START Exercise data
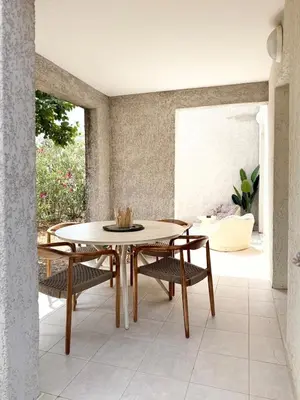 a dining room with a table and chairs at Appartement 2 CHAMBRES PISCINE TERRASSE SAINT FLORENT in Oletta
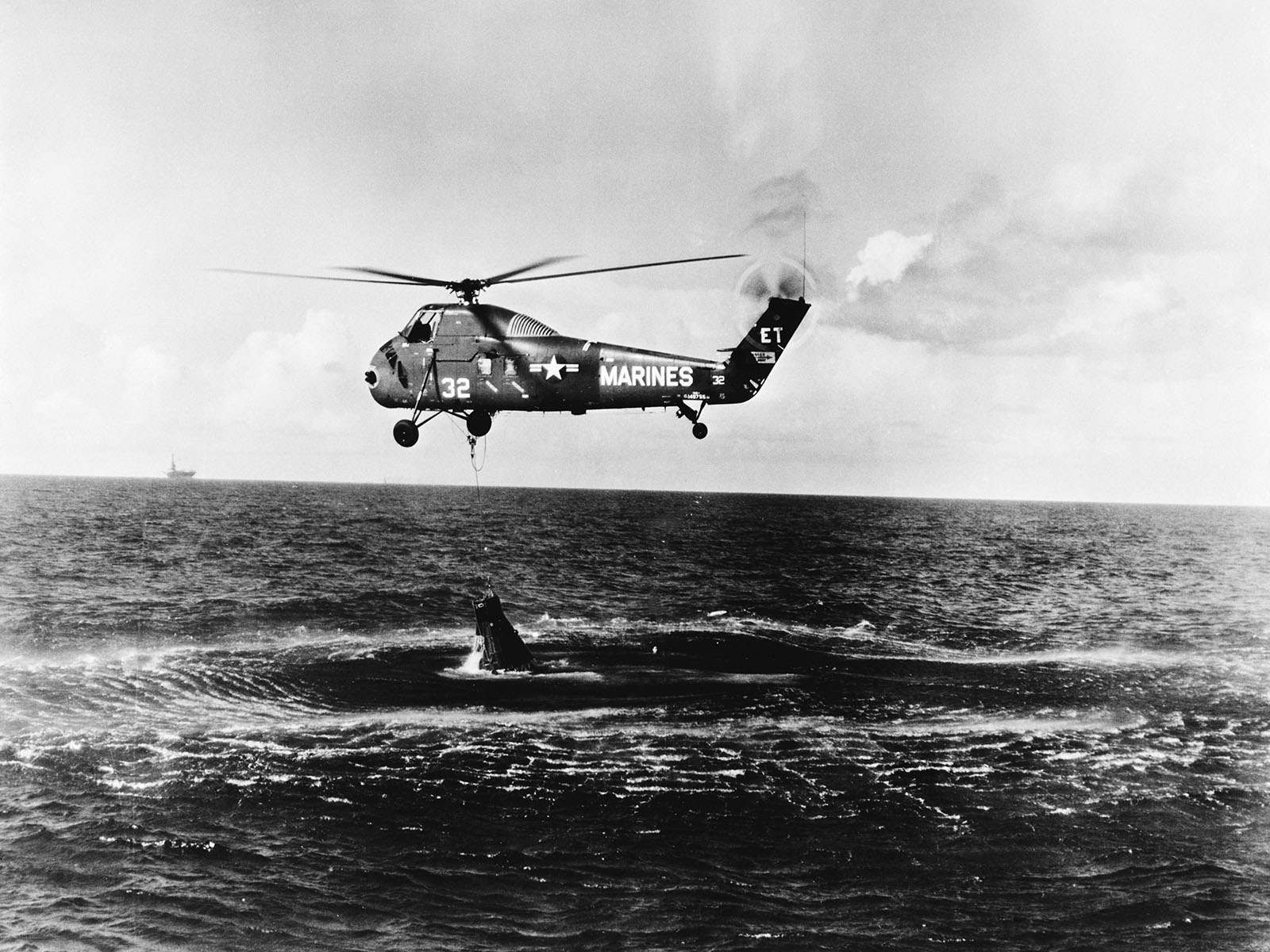 aerial photo of a rescue helicopter lifting a space capsule from the sea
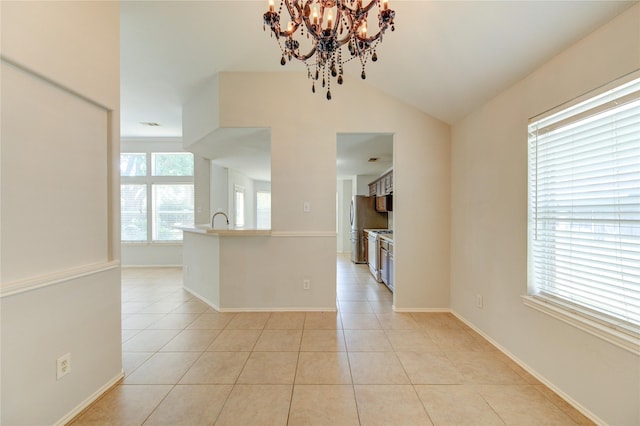 19814 Lindenfield Pl, Katy, TX 77449 - empty room featuring a chandelier, light tile patterned floors, lofted ceiling, baseboards, and a sink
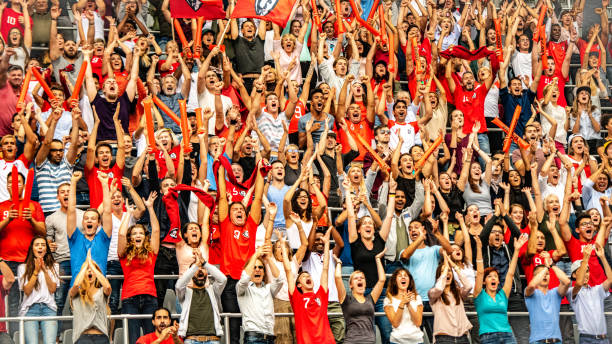 istock Group of spectators cheering in stadium 1130450709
END Exercise data
> [Work order]:
Make an exact copy of the listing, with no images in it.

> [Result of the exercise]:
 a dining room with a table and chairs at Appartement 2 CHAMBRES PISCINE TERRASSE SAINT FLORENT in Oletta
 aerial photo of a rescue helicopter lifting a space capsule from the sea
 19814 Lindenfield Pl, Katy, TX 77449 - empty room featuring a chandelier, light tile patterned floors, lofted ceiling, baseboards, and a sink
 istock Group of spectators cheering in stadium 1130450709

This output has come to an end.